Records provided:
>>>>>
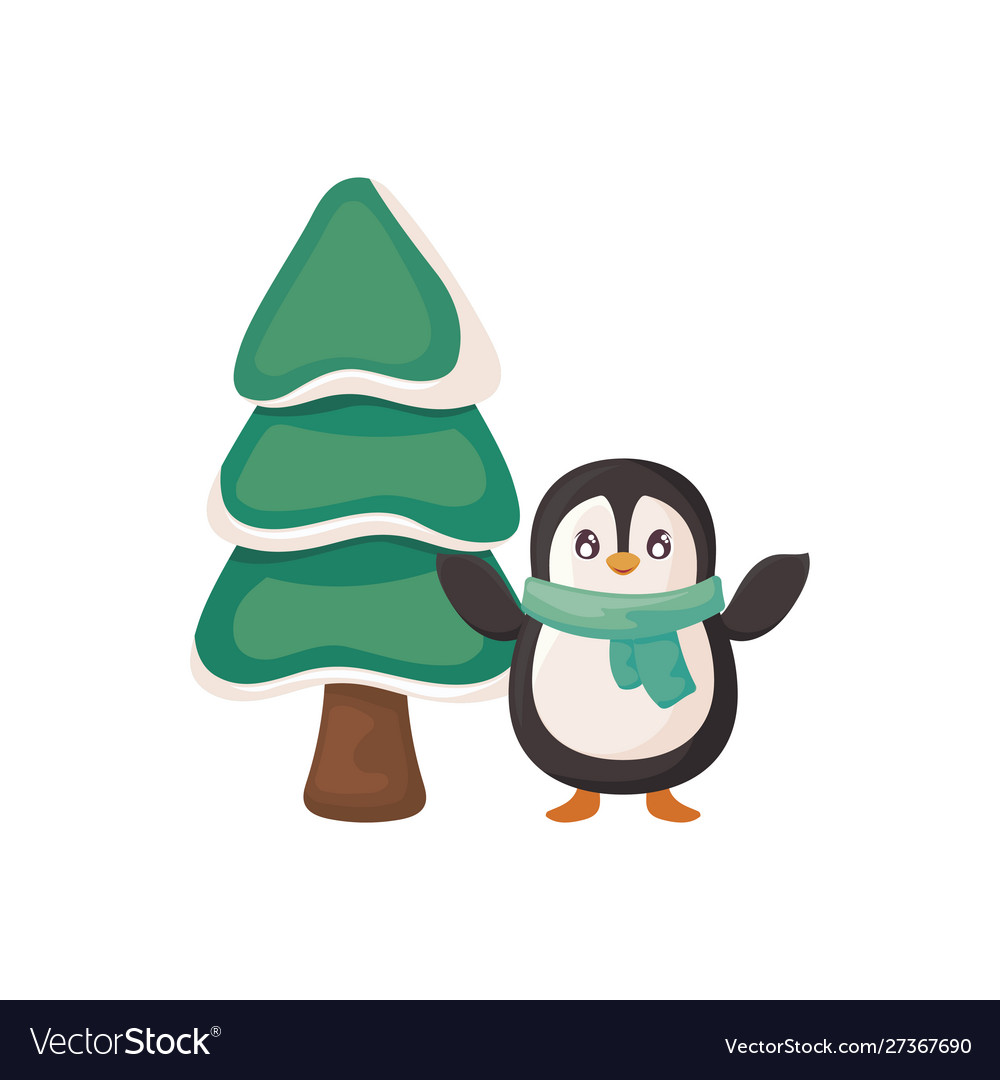 Penguin with scarf and christmas tree on white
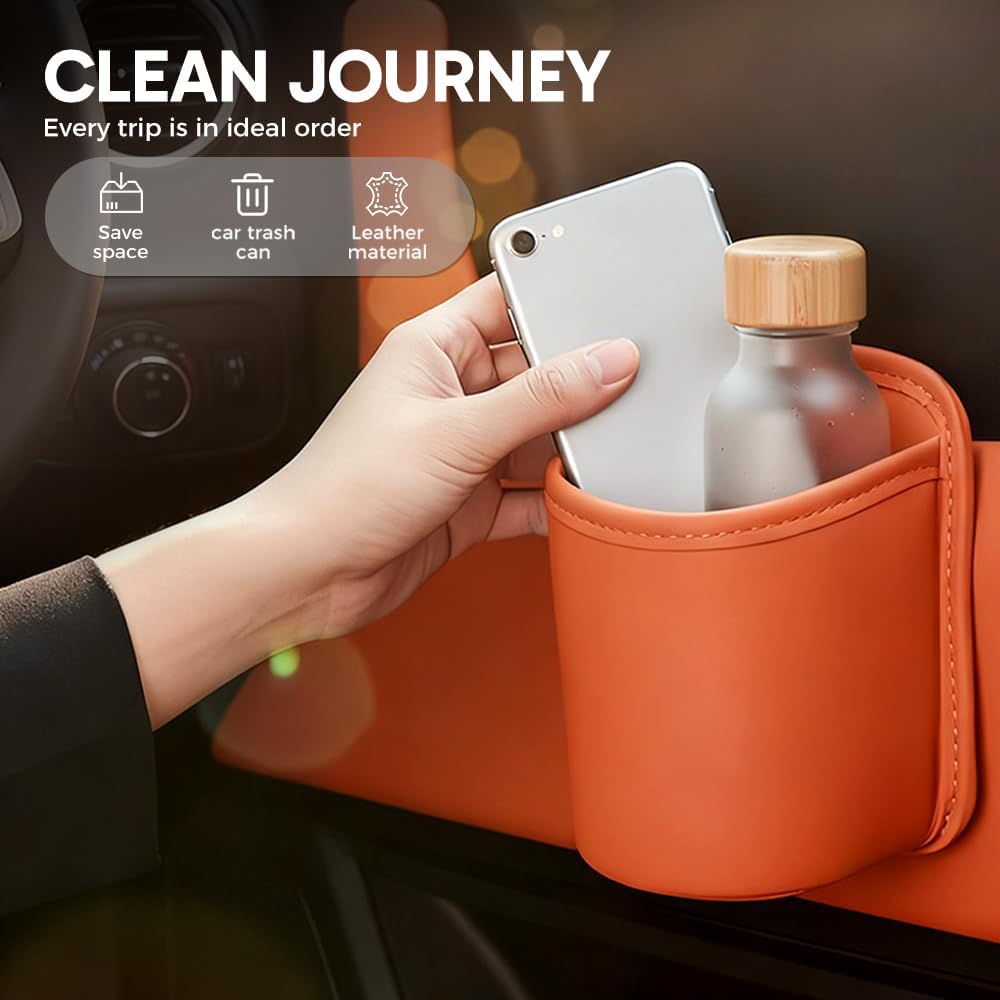 Car Door Cup Holder, Clip On Drink Holder Vehicle Door Storage Organizer (Black)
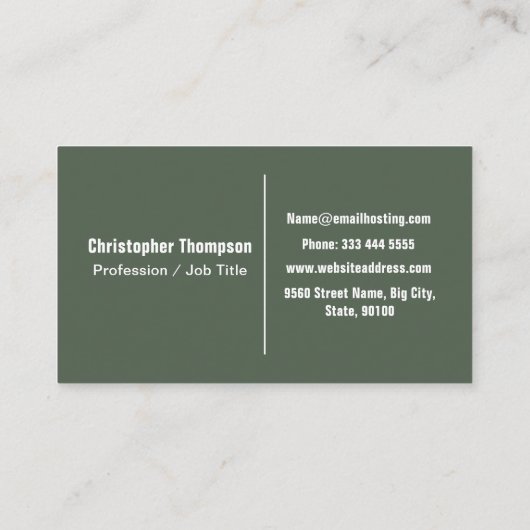 Eenvoudige moderne groene minimalistische alpiene visitekaartje (Achterkant)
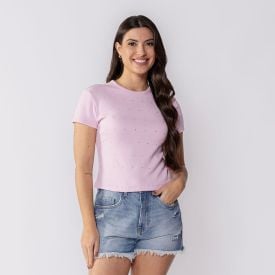 Blusa Feminina Em Ribana Com Strass Boby Blues Rosa Basico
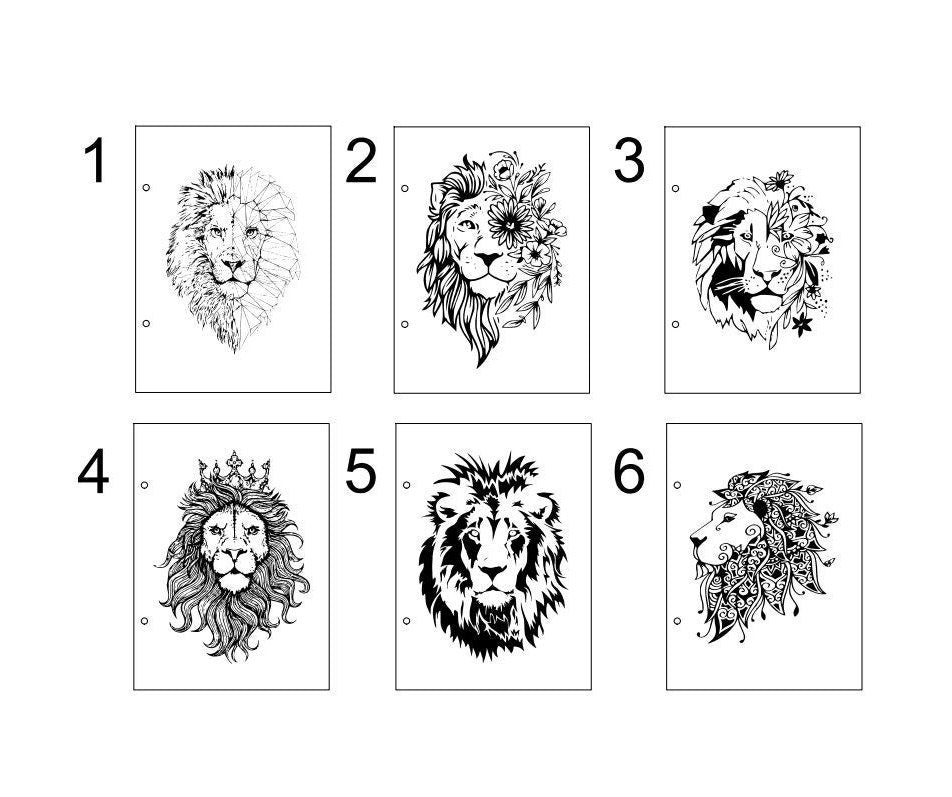 Personalized Lion Notebook: Engraved Wooden Notepad, Custom Sketchbook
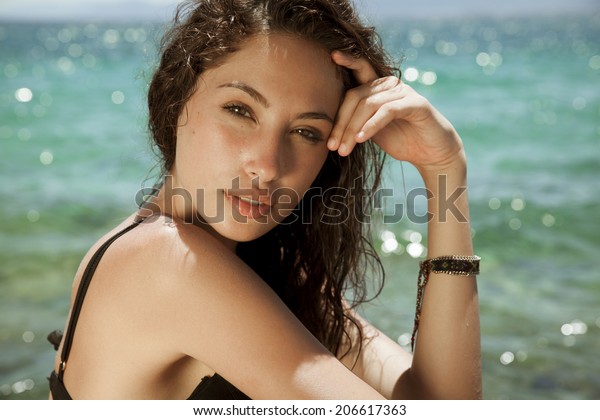 Carefree Beautiful Brunette Wet Look Long Stock Photo Edit Now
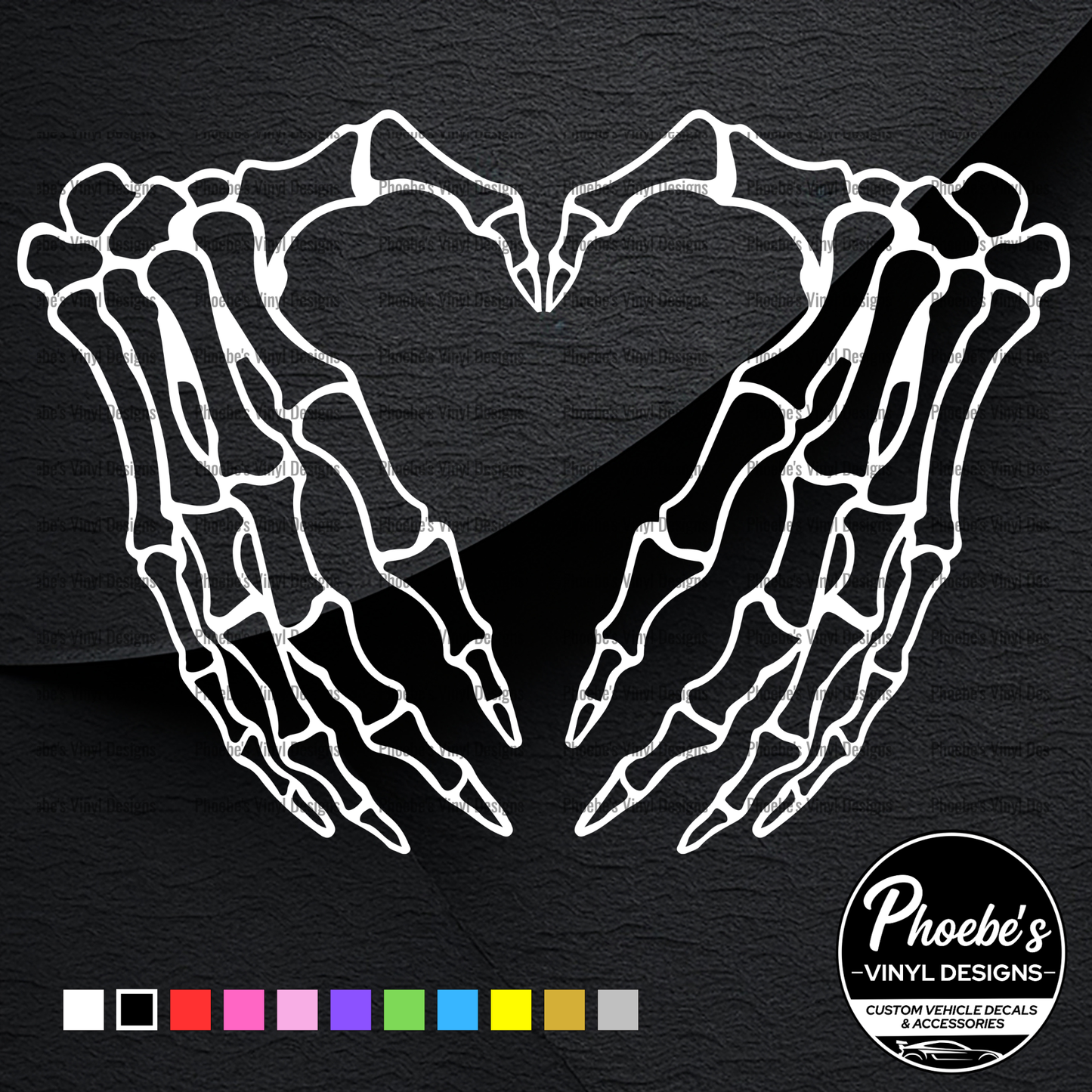 Skeleton Heart Hands Sticker/Decal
<<<<<
How to complete this task: Please copy the data shown above word for word, omitting the pictures.

Reply:
 Penguin with scarf and christmas tree on white
 Car Door Cup Holder, Clip On Drink Holder Vehicle Door Storage Organizer (Black)
 Eenvoudige moderne groene minimalistische alpiene visitekaartje (Achterkant)
 Blusa Feminina Em Ribana Com Strass Boby Blues Rosa Basico
 Personalized Lion Notebook: Engraved Wooden Notepad, Custom Sketchbook
 Carefree Beautiful Brunette Wet Look Long Stock Photo Edit Now
 Skeleton Heart Hands Sticker/Decal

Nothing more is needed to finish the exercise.